Walaupun Hanum sudah bekerja selama satu tahun di vila ini, tetap saja Hanum selalu terpukau ketika melihat pajangan-pajangan disini.
Tentu tak terlewat juga dari pandangan Hanum foto-foto pemilik vila yang tersusun rapi di dinding bersama anggota keluarganya.
Mengenai pemilik vila, Hanum juga baru mengenal wajah-wajah mereka dari foto-foto itu. Untuk bertemu secara langsung, Hanum belum pernah selama ia bekerja di sini. Karena keluarga pemilik tempat ini sangat sibuk dan jarang sekali berkunjung.
"Di minum dulu," kedatangan Bu Ningsih mengalihkan perhatian Hanum dari foto-foto itu. Lantas Bu Ningsih mengulurkan gelas yang berisi jus jeruk.
"Iya Bu, makasih ya. Hanum minum," Hanum tersenyum seraya menerimanya. Lalu meneguknya beberapa kali.
"Gimana kaki kamu? Masih sakit?" Bu Ningsih melirik punggung kaki Hanum yang masih di balut perban.
Satu Minggu lalu Hanum tak sengaja menginjak pecahan gelas yang jatuh karena tersenggol oleh dirinya sendiri di meja makan. Akibatnya telapak kakinya berdarah lumayan banyak karena lukanya cukup lebar. Bu Ningsih pun akhirnya memaksa Hanum untuk libur dulu, dan Hanum hanya bisa mengiyakan karena menolak pun tidak di tanggapi.
"Udah gak sakit kok, Bu. Cuman Hanum belum berani buka perbannya kalo pergi kemana-mana."
"Mmm iya, tapi itu perban baru kan?" tanyanya, padahal sudah terlihat jelas perban nya masih putih bersih.
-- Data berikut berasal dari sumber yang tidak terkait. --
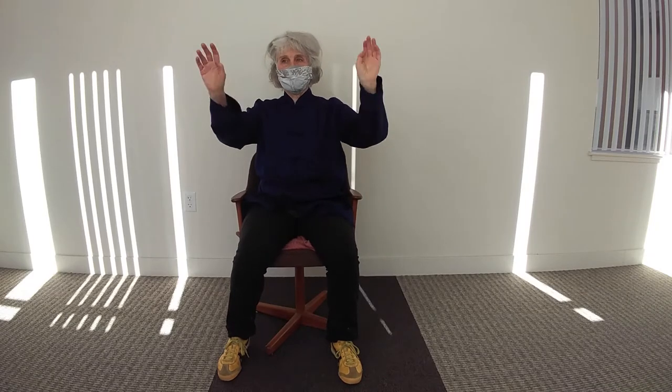Bring air in. Push air out. Bring air in. Push air out. Up and down. Little kids do this a lot before they can talk — it must mean something.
"Iya Bu, udah di ganti sebelum kesini."
Bu Ningsih mengangguk saja sebagai respon. "Padahal mah, kamu gak usah kerja dulu. Istirahat dulu aja beberapa hari lagi." katanya. Padahal sejujurnya ia sudah sangat merindukan gadis tersebut yang sudah ia anggap seperti putrinya sendiri.
"Gapapa Bu. Lagian Hanum bosen kalo gak ngapa-ngapain. Mending Hanum kerja aja, lagian kerjaan Hanum cuman bersih-bersih doang."
"Ya udah, terserah kamu aja, Num. Tapi nanti kalo telapak kaki kamu sakit lagi, ngomong aja ya. Jangan dipaksain kerja." titahnya khas seorang ibu yang sedang menasehati anaknya.
"Iya Bu. Hanum pasti ngomong." angguk Hanum seraya tertawa kecil. "Sekarang Hanum harus ngerjain apa, Bu?" tanyanya menyapu ruangan ini yang terlihat sudah bersih.
"Kamu lap lap aja pajangan-pajangan di sana. Gak usah nyapu sama pel, soalnya udah beres sama ibu."
Hanum terperangah, "lah, kok udah Bu? Itu kan tugas Hanum."
"Gapapa, lagian- eh ibu belum ngasih tau ya!?" Bu Ningsih baru teringat akan sesuatu dan lupa memberi tahu Hanum soal itu.
"Ada apa Bu?"
"Itu, Num. Besok katanya den Iyan mau kesini sama temennya. Kamu tau kan den Iyan?"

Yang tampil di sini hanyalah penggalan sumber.